- Born: 1954 (age 71–72) West Bromwich, England
- Education: South Australia School of Art, Adelaide Central School of Art, University of South Australia
- Known for: Painting, Drawing, écorché
- Website: Rob Gutteridge School of Classical Realism

= Rob Gutteridge =

Australian artist and arts educator

Rob Gutteridge (born 1954) is a South Australian artist and arts educator. As well as teaching at Adelaide Central School of Art, Gutteridge runs the Rob Gutteridge School of Classical Realism.

== Biography ==

Gutteridge was born in West Bromwich, England in 1954 and arrived in Australia in 1965. He studied painting at the South Australian School of Art (now University of South Australia), and then worked as an illustrator, primarily of insects, for the South Australian Museum (1976-1979). In 1979, he received a travel grant from the Australia Council and a scholarship from the New York Studio School and, in 1992, thanks to another award, he studied at the Atelier Artistique Internationale des Artes in France. In 2011, he was awarded the Malaysia-Australia Visual Arts Residency, based at Rimbun Dahan. In 2016, he opened the Rob Gutteridge School of Classical Realism to teach classical realist techniques.
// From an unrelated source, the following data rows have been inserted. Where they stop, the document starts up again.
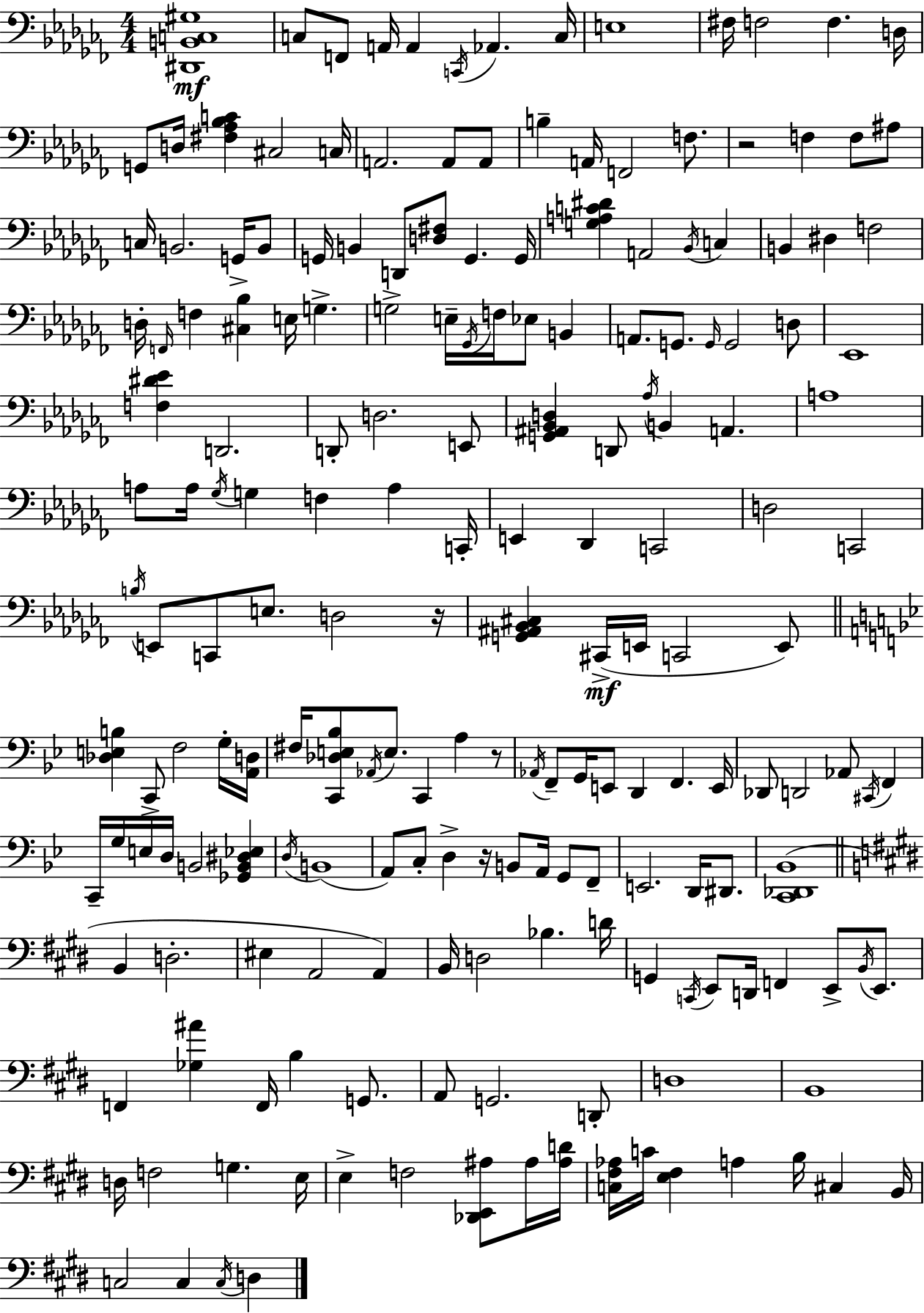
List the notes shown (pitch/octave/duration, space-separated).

[D#2,B2,C3,G#3]/w C3/e F2/e A2/s A2/q C2/s Ab2/q. C3/s E3/w F#3/s F3/h F3/q. D3/s G2/e D3/s [F#3,Ab3,Bb3,C4]/q C#3/h C3/s A2/h. A2/e A2/e B3/q A2/s F2/h F3/e. R/h F3/q F3/e A#3/e C3/s B2/h. G2/s B2/e G2/s B2/q D2/e [D3,F#3]/e G2/q. G2/s [G3,A3,C4,D#4]/q A2/h Bb2/s C3/q B2/q D#3/q F3/h D3/s F2/s F3/q [C#3,Bb3]/q E3/s G3/q. G3/h E3/s Gb2/s F3/s Eb3/e B2/q A2/e. G2/e. G2/s G2/h D3/e Eb2/w [F3,D#4,Eb4]/q D2/h. D2/e D3/h. E2/e [G2,A#2,Bb2,D3]/q D2/e Ab3/s B2/q A2/q. A3/w A3/e A3/s Gb3/s G3/q F3/q A3/q C2/s E2/q Db2/q C2/h D3/h C2/h B3/s E2/e C2/e E3/e. D3/h R/s [G2,A#2,Bb2,C#3]/q C#2/s E2/s C2/h E2/e [Db3,E3,B3]/q C2/e F3/h G3/s [A2,D3]/s F#3/s [C2,Db3,E3,Bb3]/e Ab2/s E3/e. C2/q A3/q R/e Ab2/s F2/e G2/s E2/e D2/q F2/q. E2/s Db2/e D2/h Ab2/e C#2/s F2/q C2/s G3/s E3/s D3/s B2/h [Gb2,B2,D#3,Eb3]/q D3/s B2/w A2/e C3/e D3/q R/s B2/e A2/s G2/e F2/e E2/h. D2/s D#2/e. [C2,Db2,Bb2]/w B2/q D3/h. EIS3/q A2/h A2/q B2/s D3/h Bb3/q. D4/s G2/q C2/s E2/e D2/s F2/q E2/e B2/s E2/e. F2/q [Gb3,A#4]/q F2/s B3/q G2/e. A2/e G2/h. D2/e D3/w B2/w D3/s F3/h G3/q. E3/s E3/q F3/h [Db2,E2,A#3]/e A#3/s [A#3,D4]/s [C3,F#3,Ab3]/s C4/s [E3,F#3]/q A3/q B3/s C#3/q B2/s C3/h C3/q C3/s D3/q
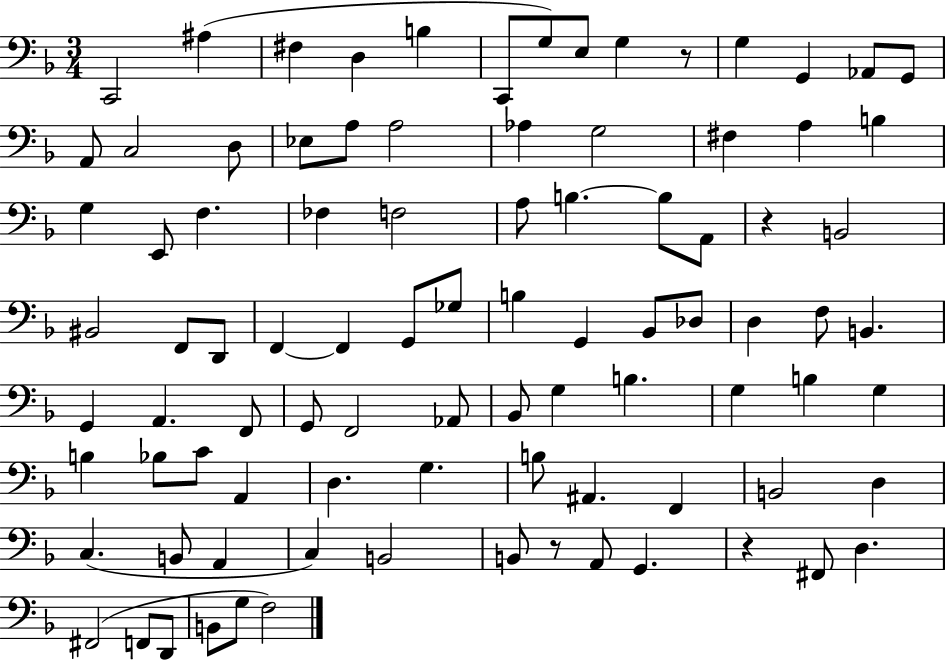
C2/h A#3/q F#3/q D3/q B3/q C2/e G3/e E3/e G3/q R/e G3/q G2/q Ab2/e G2/e A2/e C3/h D3/e Eb3/e A3/e A3/h Ab3/q G3/h F#3/q A3/q B3/q G3/q E2/e F3/q. FES3/q F3/h A3/e B3/q. B3/e A2/e R/q B2/h BIS2/h F2/e D2/e F2/q F2/q G2/e Gb3/e B3/q G2/q Bb2/e Db3/e D3/q F3/e B2/q. G2/q A2/q. F2/e G2/e F2/h Ab2/e Bb2/e G3/q B3/q. G3/q B3/q G3/q B3/q Bb3/e C4/e A2/q D3/q. G3/q. B3/e A#2/q. F2/q B2/h D3/q C3/q. B2/e A2/q C3/q B2/h B2/e R/e A2/e G2/q. R/q F#2/e D3/q. F#2/h F2/e D2/e B2/e G3/e F3/h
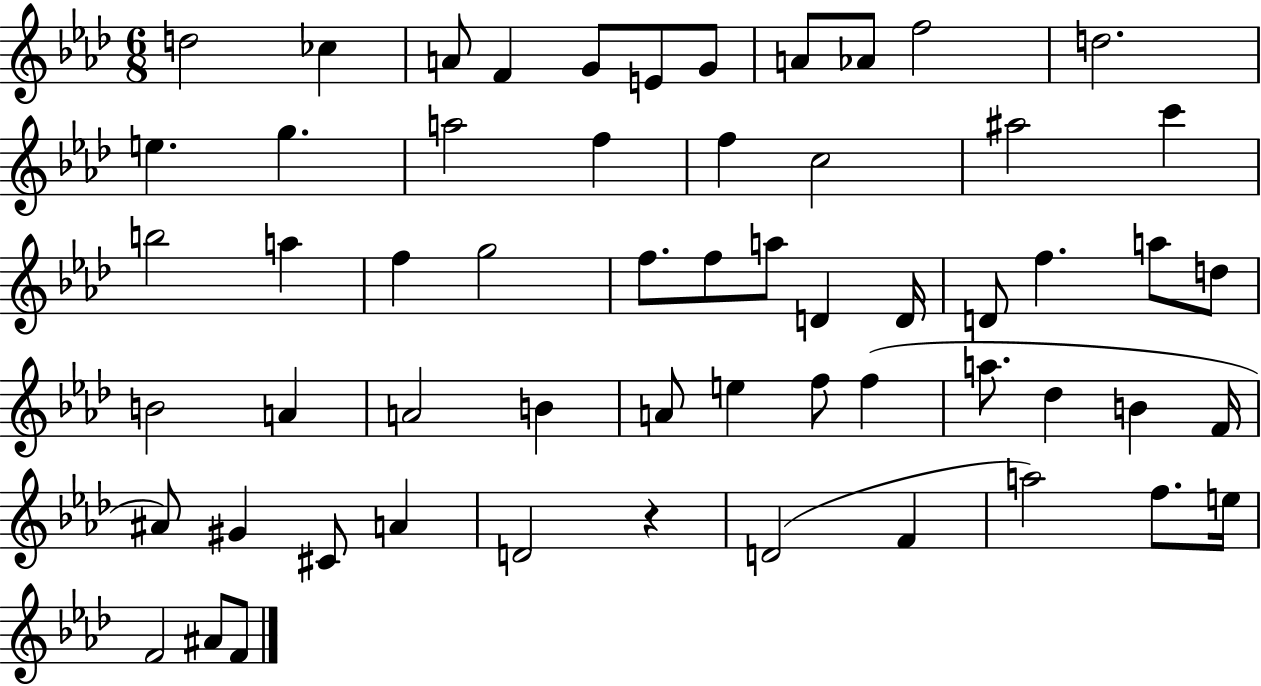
{
  \clef treble
  \numericTimeSignature
  \time 6/8
  \key aes \major
  d''2 ces''4 | a'8 f'4 g'8 e'8 g'8 | a'8 aes'8 f''2 | d''2. | \break e''4. g''4. | a''2 f''4 | f''4 c''2 | ais''2 c'''4 | \break b''2 a''4 | f''4 g''2 | f''8. f''8 a''8 d'4 d'16 | d'8 f''4. a''8 d''8 | \break b'2 a'4 | a'2 b'4 | a'8 e''4 f''8 f''4( | a''8. des''4 b'4 f'16 | \break ais'8) gis'4 cis'8 a'4 | d'2 r4 | d'2( f'4 | a''2) f''8. e''16 | \break f'2 ais'8 f'8 | \bar "|."
}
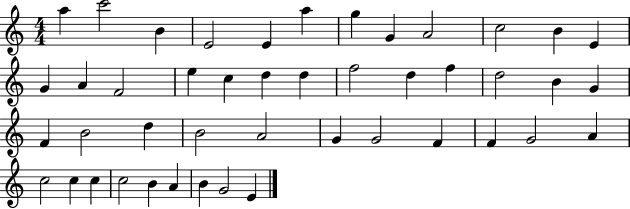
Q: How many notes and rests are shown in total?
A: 45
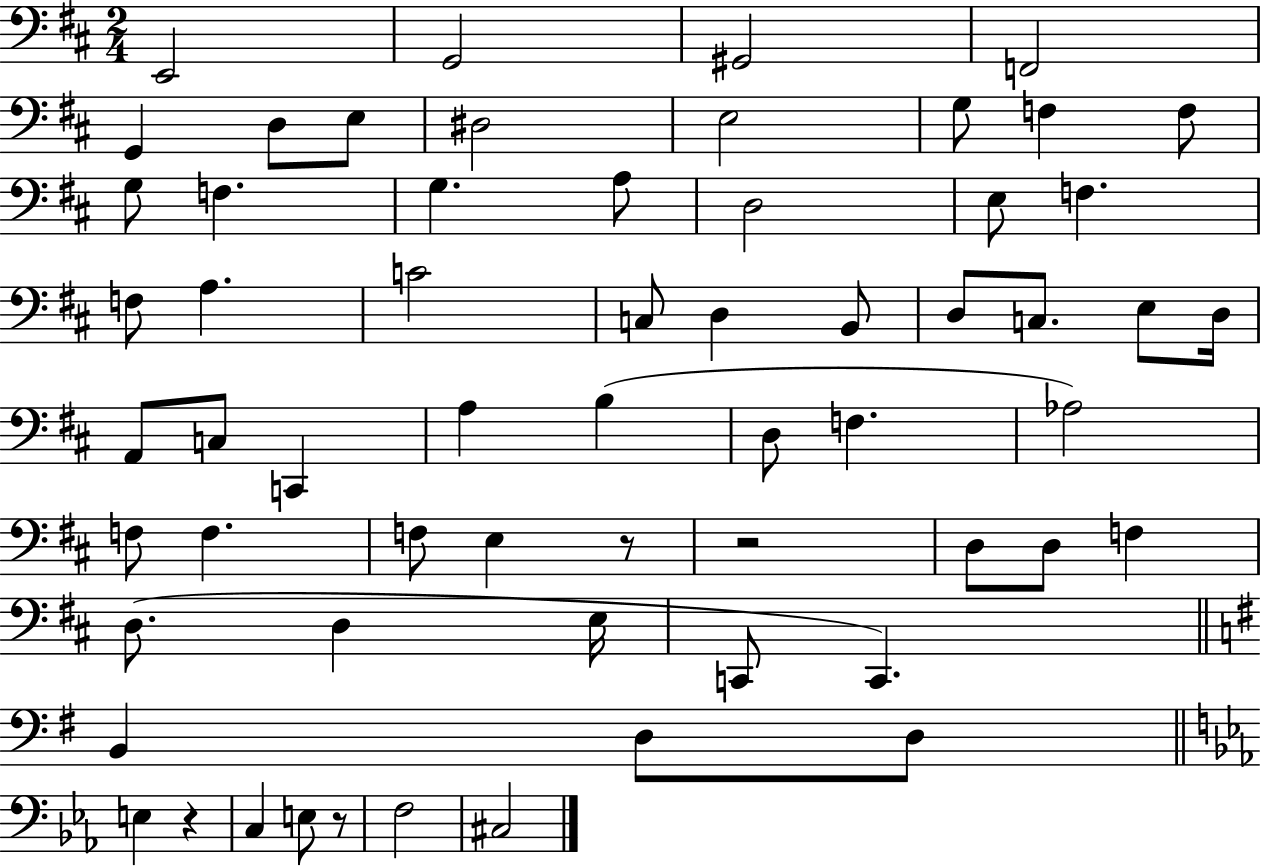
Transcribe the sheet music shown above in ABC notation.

X:1
T:Untitled
M:2/4
L:1/4
K:D
E,,2 G,,2 ^G,,2 F,,2 G,, D,/2 E,/2 ^D,2 E,2 G,/2 F, F,/2 G,/2 F, G, A,/2 D,2 E,/2 F, F,/2 A, C2 C,/2 D, B,,/2 D,/2 C,/2 E,/2 D,/4 A,,/2 C,/2 C,, A, B, D,/2 F, _A,2 F,/2 F, F,/2 E, z/2 z2 D,/2 D,/2 F, D,/2 D, E,/4 C,,/2 C,, B,, D,/2 D,/2 E, z C, E,/2 z/2 F,2 ^C,2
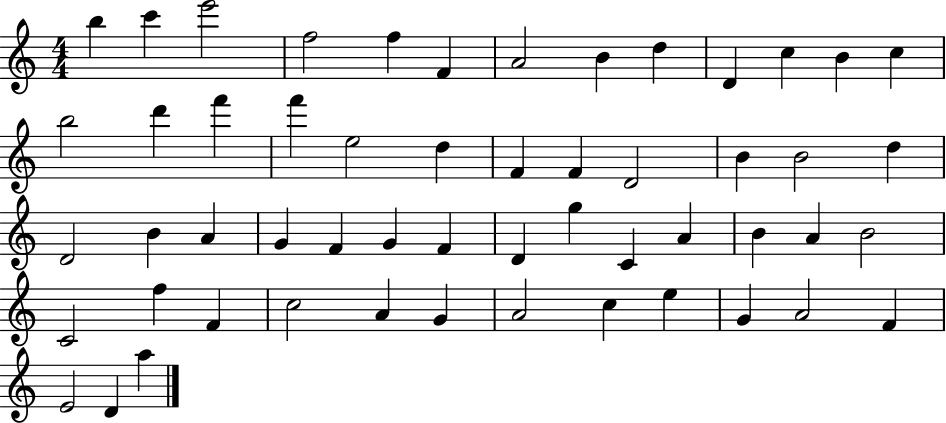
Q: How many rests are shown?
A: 0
== Artistic style and subject ==

Gutteridge’s paintings and drawings have a strong focus on the human body and on clouds, using classical realist techniques. His work has been described as displaying “a keen appreciation of anatomy, structure and form”. He also practices and teaches écorché.

== Awards and Prizes ==

In 2016, he received a Highly Commended for a work in Monochrome award from the Society of Graphic Fine Art.